Nerus, still upright on her toes, kept on with the media advocacy.
At some point, Nerus hit a brick wall-they were rumours that her advocacy was sponsored by opposition political leaders who wanted to score political points, forcing her to restrategize. “It was frustrating that I had to start over again,” she said.
Nerus got the community leaders to issue a letter stating that her work was not a “threat but an act of community service,” she told Prime Progress.
Pressing on and leaving a mark
Patience and hope became companions for Nerus as she summed up the little results she got from the call for funds, but she didn’t give. She would speak to anyone about the project and continues to give updates on social media.
Soon enough, the Hope Springs Foundation, a foundation focused on empowering marginalised communities under the management of Rambi Ayala, a former deputy minority leader at the Gombe State House of Assembly, reached out to her, asking that they wanted to see her.
“I reached back to the community, and as a moral support, the district head sent two men and a woman as representatives from the community to the meeting.”
At the meeting, the foundation “said they would be willing to help the Kulgul community with water if I submitted survey results.”
Nerus helped the community to mobilise and raise the thirty thousand Naira needed to carry out the survey.
And she finally breathed a sigh of relief when the survey for five locations was placed on Ayala’s desk on March 31, 2022. A team of experts also visited the community for interviews, data collection and assessments on April 5, 2022, and a location called Pobariki was selected.
On June 1, 2023, the drilling process of the borehole commenced, and by June 4 2022, the people of Kulgul had a clean source of water setup by Hope Springs Foundation.
A look from before and After
Danladi Magaji, the District Head of Kulgul, told Prime Progress that the community remains grateful for all the effort that went into ensuring that they have clean water.
“We went through a lot with the issue of this water. The place available for us to get water usually dried up during the dry season. It was the most difficult time for us,” the 60-year-old said.
Magaji explained how unhealthy they had been living, not by choice but by circumstance, and thankful that things have now changed.
“I praise the effort of Bathsheba. She started this and made sure it happened. I will say that she has made me proud. The people of the community now have a place to go to for clean and usable water,” he said.

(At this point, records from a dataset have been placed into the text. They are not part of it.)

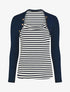 Pull rayé boléro en trompe l&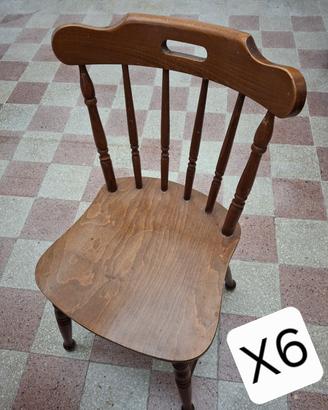 Sei sedie OLD AMERICA vintage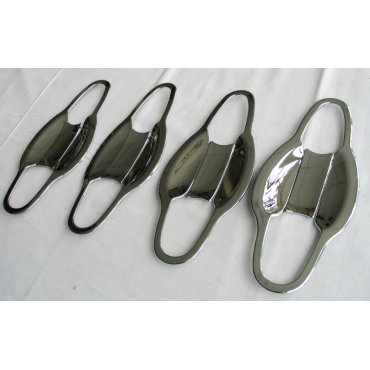 Toyota RAV4 Mk4 2016+  хром накладки под дверные ручки тип А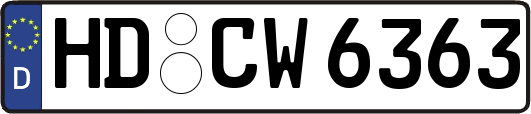 HD-CW6363
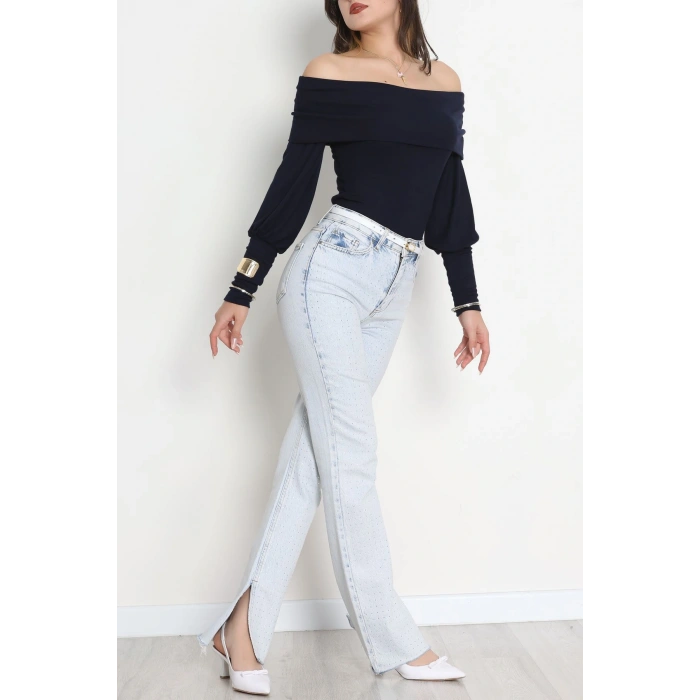 Buzzy Madonna Yaka Bluz Koyulaci - 1003.2119.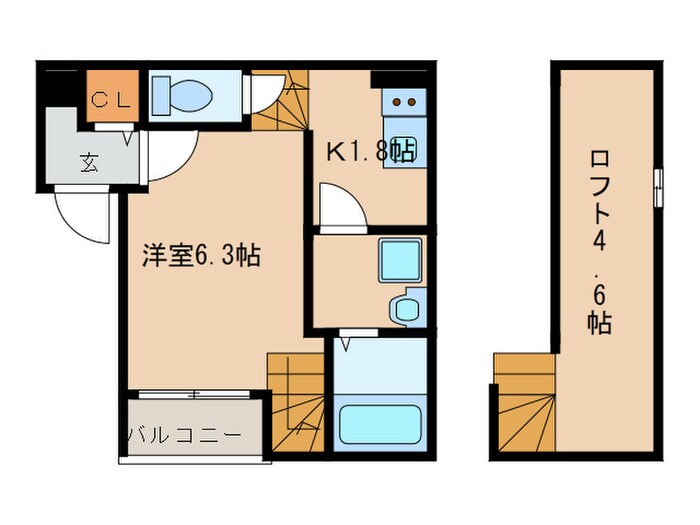 stage森下の物件間取画像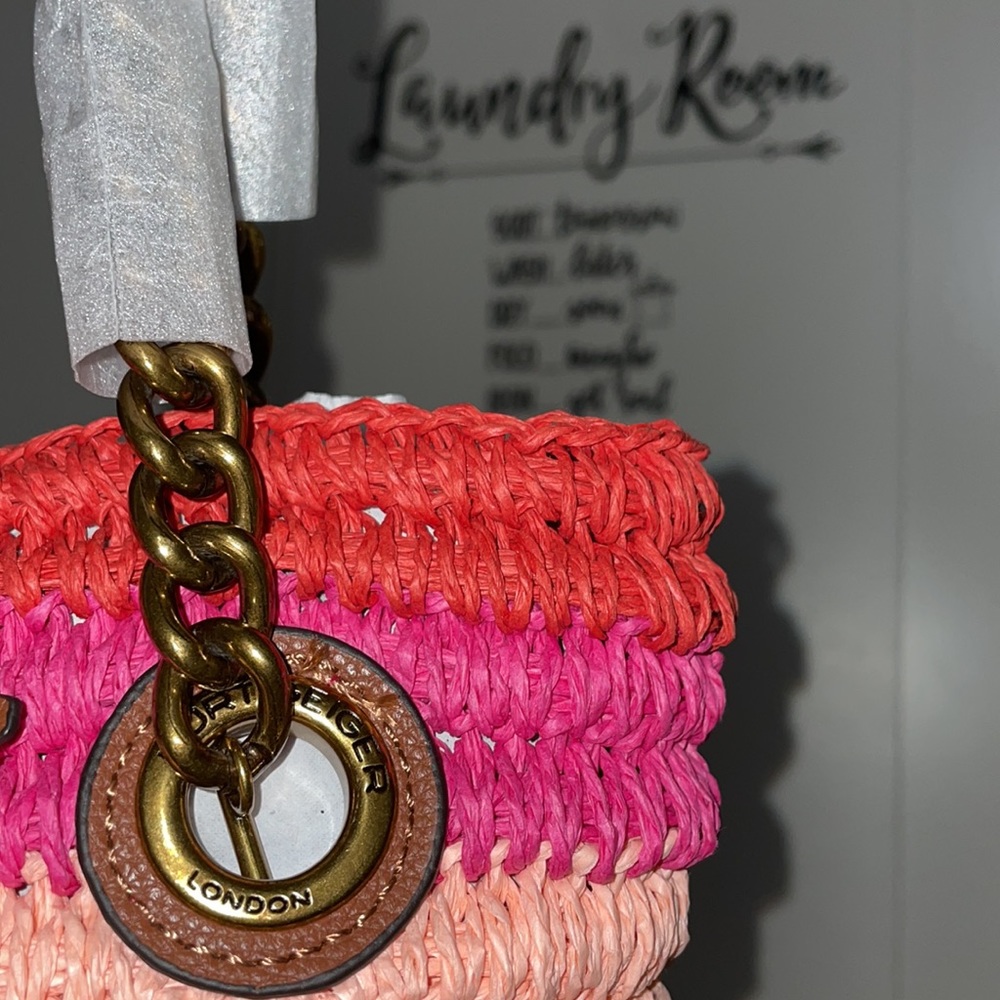 KURT GEIGER LONDON Raffia Tote! 🔥 NEW! Sold OUT! - Picture 4 of 6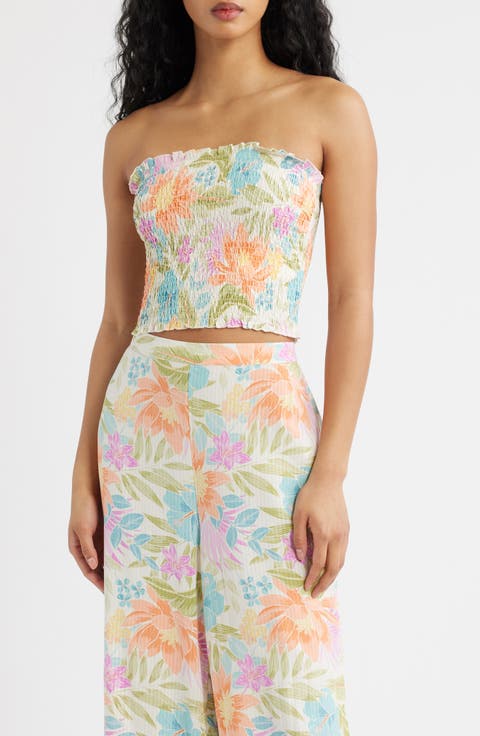 Catalina Island Smocked Tube Top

Also, Hezron Umaru, 34, a farmer in the community, said before the borehole was dug, they depended on a well that was only reliable during rainy seasons.
“There was no water for domestic use before, but the borehole has elevated the situation. Now the community can use both rainfall and the borehole water,” he said.
Looking back, Nerus is grateful to have played a role in helping this community and insists that she feels energised to help light up her part of the world, one place at a time.